What you need to do: Reproduce precisely the lines of the material below from the line containing "Hi everyone! Thank" up to and including its last line. Pictures must not be copied.

Data to examine:
▽
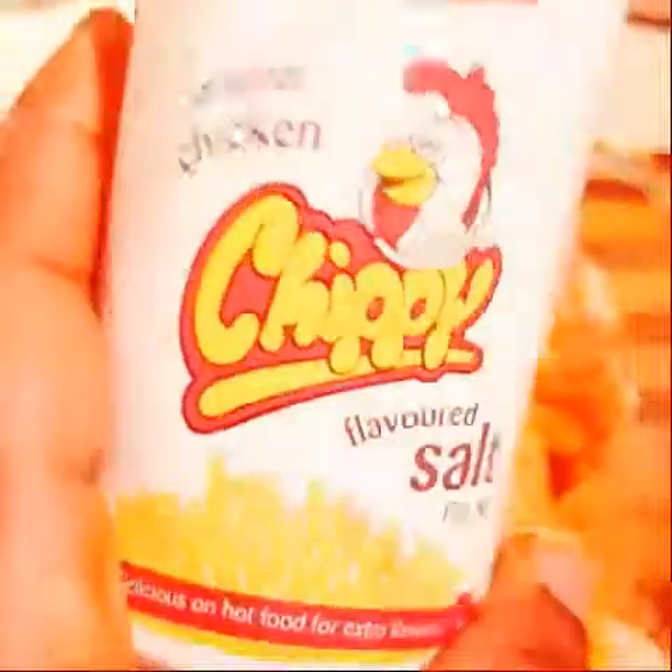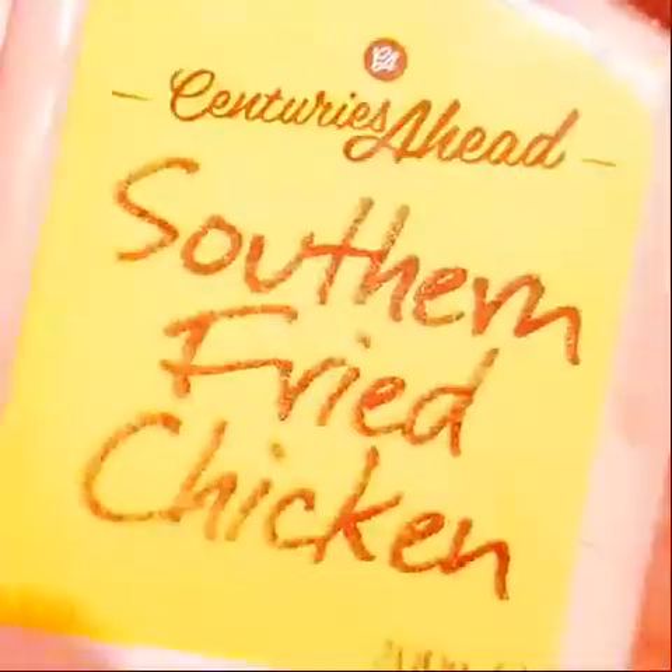Hi guys, I'm making some chicken drumsticks, so I'm going to season it well. This is roast chicken seasoning, and this is chicken salt, then this is mixed herbs, and I have southern fried chicken, southern fried chicken ingredient.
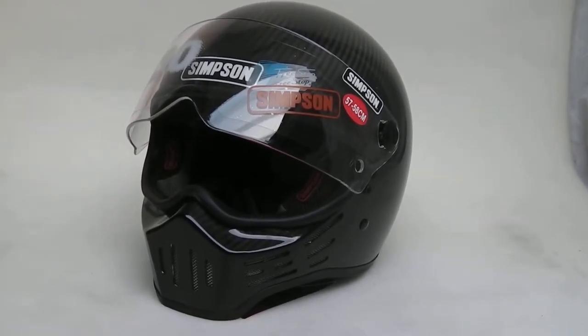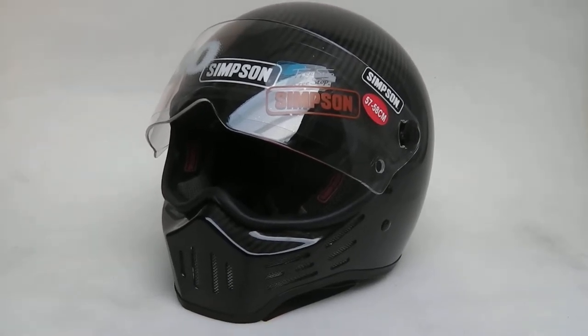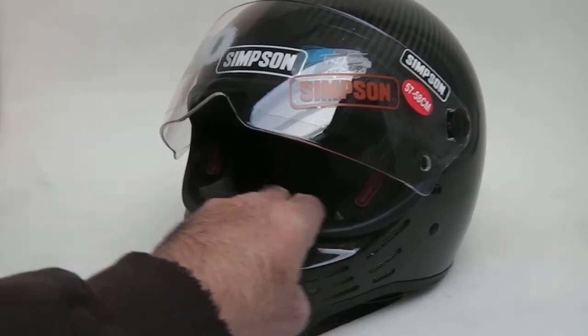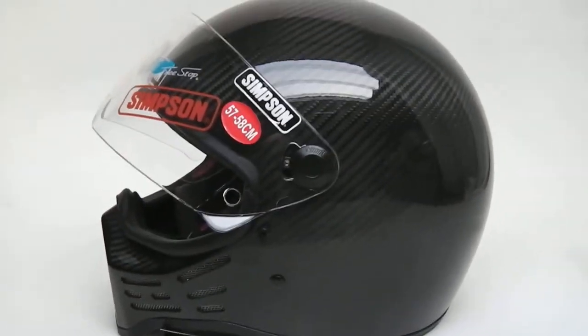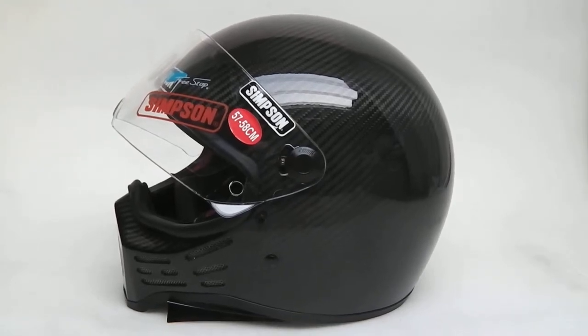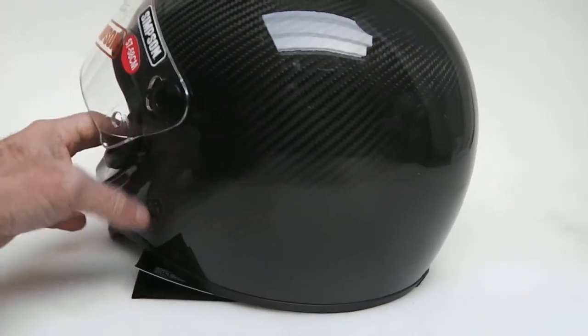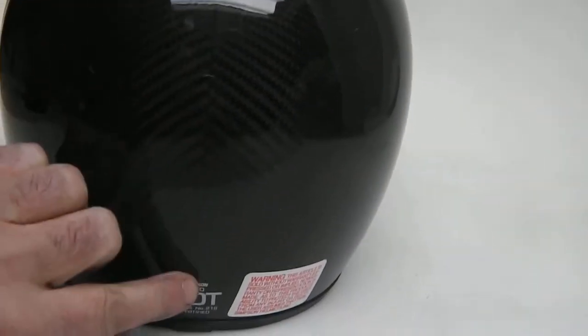Hi, this is Mike from Custom Cruises. Here we are with the Simpson Bandit — this is the original M30, the original Simpson. This particular one is in carbon fiber, beautifully made, very lightweight — real carbon, not just hydro-dipped.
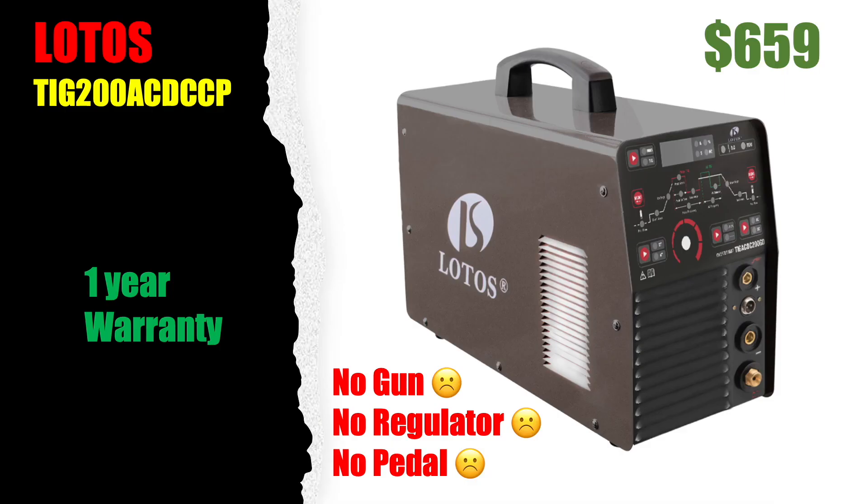Next up was the Lotus. This is a really nice-looking welder made by a company that seems to have a decent reputation. But for the price, it doesn't come with a gun, it doesn't come with a regulator, and it doesn't have a pedal. This might be a good choice for somebody who already has those things and just wants to pick up another welder, especially at $659. It only has a one-year warranty, but for me it just didn't make the top three.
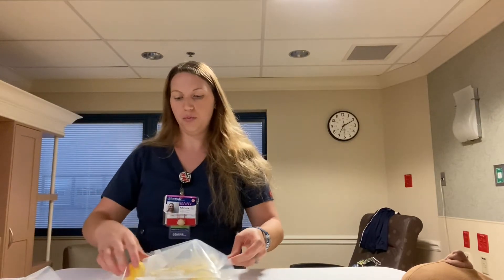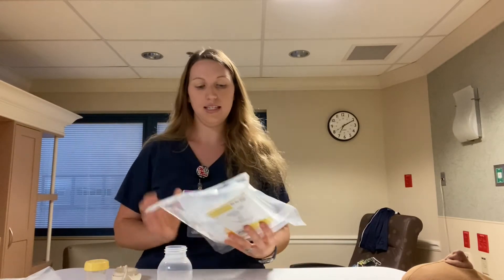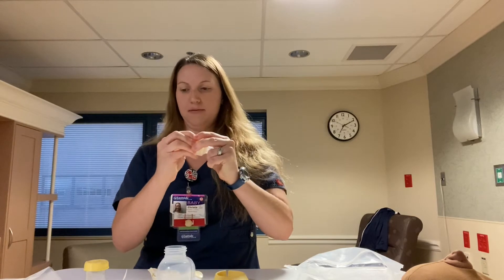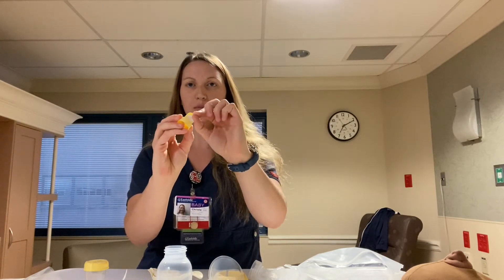When I open it, everything is sterile in here. If I were in a patient room, I would be wearing gloves. There is a book at the front that explains how to set it up. Inside is this little membrane piece, which is what makes the entire pump work.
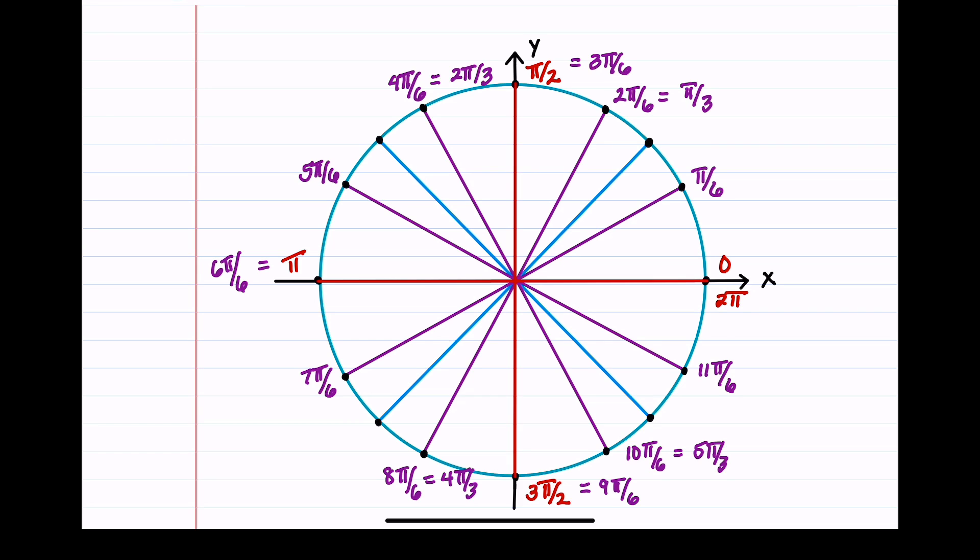Lastly, we'll count by π/4. Starting at 0: π/4, then π/2, then 3π/4, then π. Continuing: 5π/4, then 3π/2, then 7π/4, and adding π/4 again gets us to 2π. These are all the radians you will need to memorize on the unit circle.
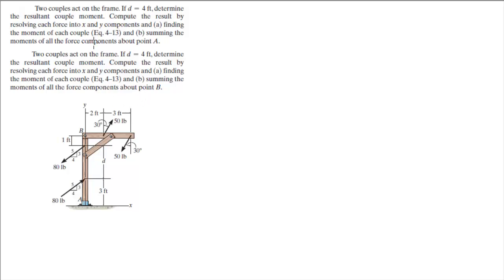Basically what they want you to do is find the resultant couple moment, which is very easy to do. And then they want you to find the resultant moment on the assembly by calculating the moments about point A and about point B for these two exercises — A for the first one, B for the second one.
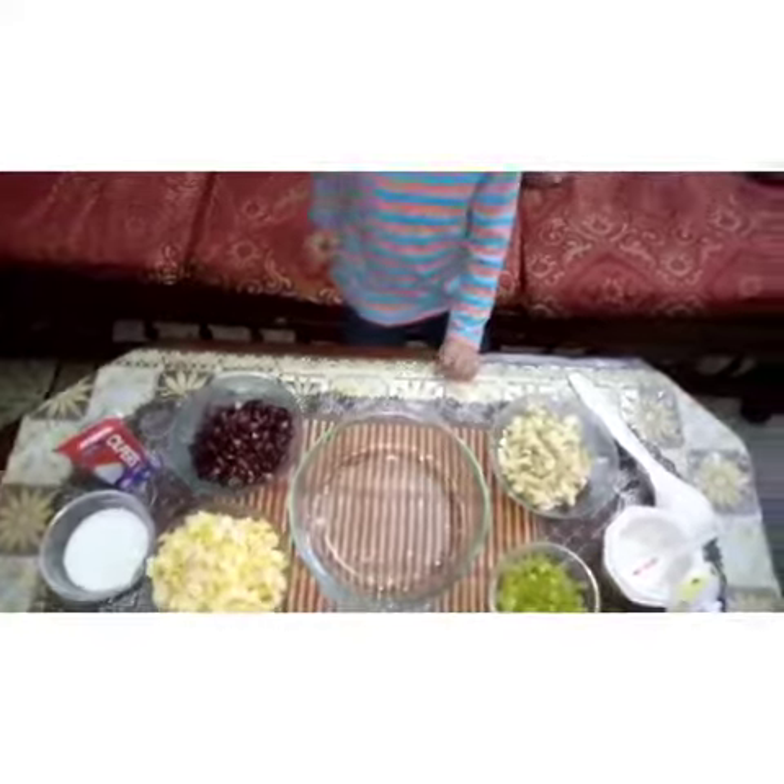I am going to make some cream jars both made together. Things we need.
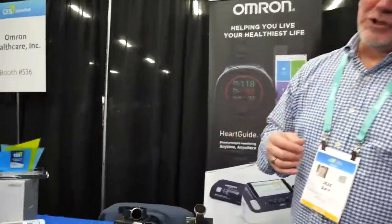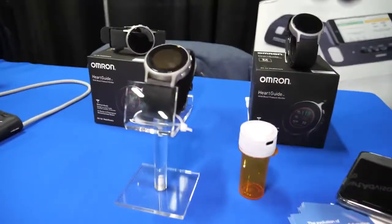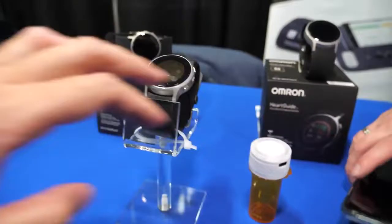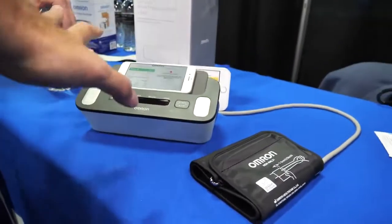With both the HeartGuide and the pill cap together, the doctor can now see whether the prescribed medication is actually producing the desired results. You just need these two devices — you don't necessarily need the larger separate unit, which is a different, bigger product.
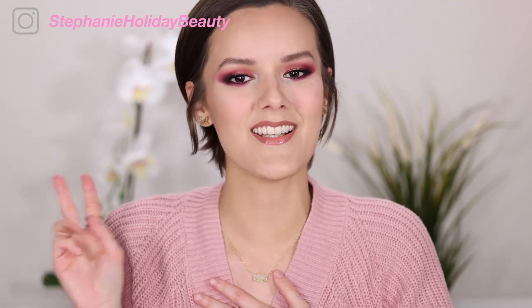Hi everyone! Thank you so much for checking out this video. If you're new here, my name is Stephanie and I cover oily skin, hooded eyes, and beauty.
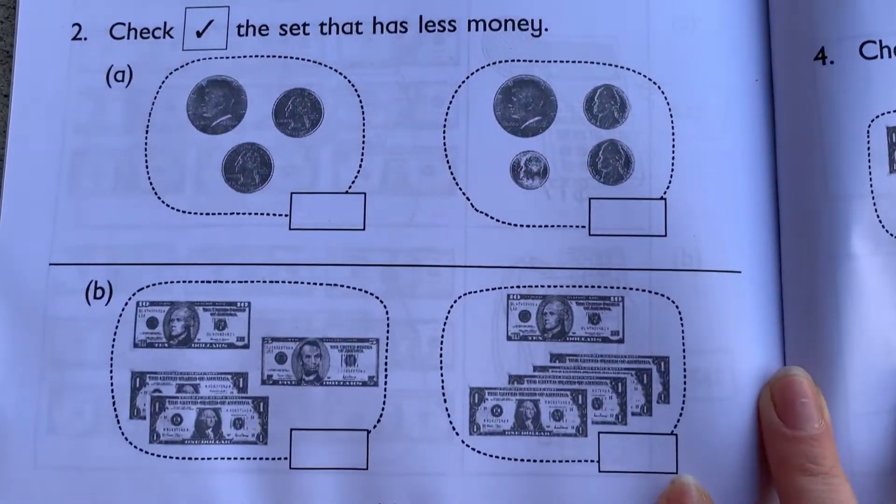It's crazy to me that kids are already able to grasp multiplication and division at such a young age, but Singapore does teach it, and it is understood — at least for the ones I have taught. They've been able to grasp the concept with the way Singapore teaches it in first grade.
△
Written response:
Hi everyone! Thank you so much for checking out this video. If you're new here, my name is Stephanie and I cover oily skin, hooded eyes, and beauty.
It's crazy to me that kids are already able to grasp multiplication and division at such a young age, but Singapore does teach it, and it is understood — at least for the ones I have taught. They've been able to grasp the concept with the way Singapore teaches it in first grade.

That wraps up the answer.